START Records to use

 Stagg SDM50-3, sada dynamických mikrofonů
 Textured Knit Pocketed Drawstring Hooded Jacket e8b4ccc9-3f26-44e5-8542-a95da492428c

END Records to use
START Records to use

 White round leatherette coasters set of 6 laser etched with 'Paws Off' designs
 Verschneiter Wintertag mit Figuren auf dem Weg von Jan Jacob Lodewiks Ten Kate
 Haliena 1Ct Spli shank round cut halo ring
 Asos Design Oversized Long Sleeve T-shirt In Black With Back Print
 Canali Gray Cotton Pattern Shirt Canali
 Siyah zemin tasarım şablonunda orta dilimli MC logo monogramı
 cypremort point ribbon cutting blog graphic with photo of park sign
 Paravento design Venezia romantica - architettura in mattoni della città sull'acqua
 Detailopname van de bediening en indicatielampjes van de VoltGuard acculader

END Records to use

Exercise directions: Where the data above reaches the line holding "Verschneiter Wintertag mit", begin printing, and stop after the line holding "Detailopname van de". Each line must be reproduced exactly, with nothing else added.

Result:
 Verschneiter Wintertag mit Figuren auf dem Weg von Jan Jacob Lodewiks Ten Kate
 Haliena 1Ct Spli shank round cut halo ring
 Asos Design Oversized Long Sleeve T-shirt In Black With Back Print
 Canali Gray Cotton Pattern Shirt Canali
 Siyah zemin tasarım şablonunda orta dilimli MC logo monogramı
 cypremort point ribbon cutting blog graphic with photo of park sign
 Paravento design Venezia romantica - architettura in mattoni della città sull'acqua
 Detailopname van de bediening en indicatielampjes van de VoltGuard acculader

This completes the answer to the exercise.